[hotfix] Fixed fused layernorm bug without apex (#5609)

* fixed fused layernorm bug without apex * [pre-commit.ci] auto fixes from pre-commit.com hooks for more information, see https://pre-commit.ci * same for flash attn * remove flash attn check --------- Co-authored-by: pre-commit-ci[bot] <66853113+pre-commit-ci[bot]@users.noreply.github.com>
2024-04-24 23:04:06 +08:00 · 2024-04-24 23:04:06 +08:00 · 7ee569b05f
parent 0d0a582033
commit 7ee569b05f
2 changed files with 16 additions and 2 deletions
--- a/colossalai/shardformer/layer/normalization.py
+++ b/colossalai/shardformer/layer/normalization.py
@ -225,7 +225,13 @@ class FusedLayerNorm(BaseLayerNorm):
                # fall back to the normal fused layernorm is not built
                ApexFusedLayerNorm = FusedLayerNormWithHook
        else:
-            ApexFusedLayerNorm = FusedLayerNormWithHook
+            try:
+                ApexFusedLayerNorm = FusedLayerNormWithHook
+            except NameError:
+                warnings.warn(
+                    "Please install Apex from source to use fused kernels, or set self.enable_fused_normalization = False.
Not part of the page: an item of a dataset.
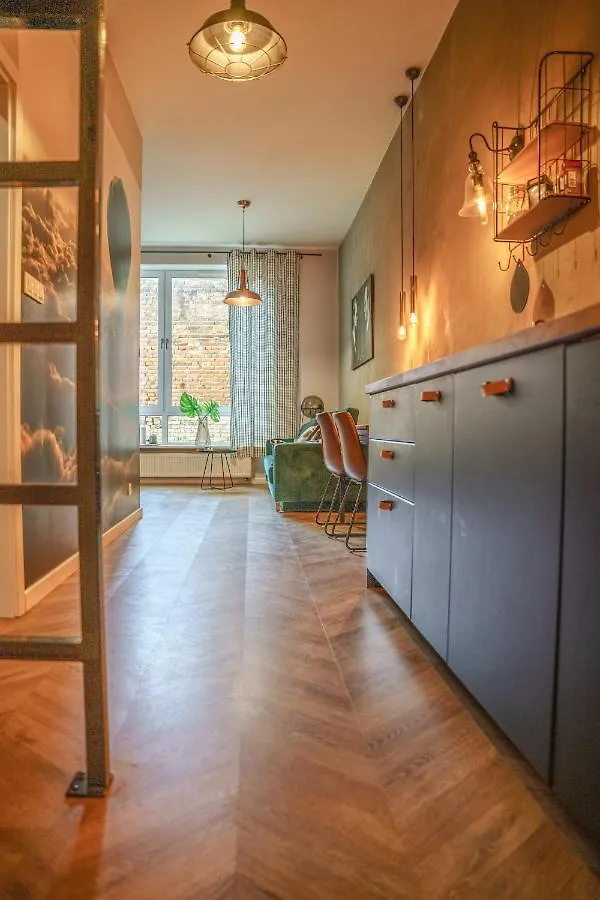 公寓 Stylish And Modern- Golden Apartment- Stare Miasto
Using vanilla layernorm instead."
+                )
+                return module

        layernorm = (
            ApexFusedLayerNorm(normalized_shape, eps=eps, elementwise_affine=elementwise_affine).to(dtype).to(device)
--- a/colossalai/shardformer/shard/shard_config.py
+++ b/colossalai/shardformer/shard/shard_config.py
@ -120,7 +120,15 @@ class ShardConfig:
        Turn on all optimization.
        """
        # you can add all the optimization flag here
-        self.enable_fused_normalization = True
+        try:
+            from apex.normalization import FusedLayerNorm as ApexFusedLayerNorm  # noqa
+
+            apex_avail = True
+        except ImportError:
+            apex_avail = False
+            warnings.warn("You set enable_all_optimization=True, but apex is not installed.")
+
+        self.enable_fused_normalization = apex_avail
        self.enable_flash_attention = True
        self.enable_jit_fused = True
        # This can cause non-in-place param sharding when used without ZeRO.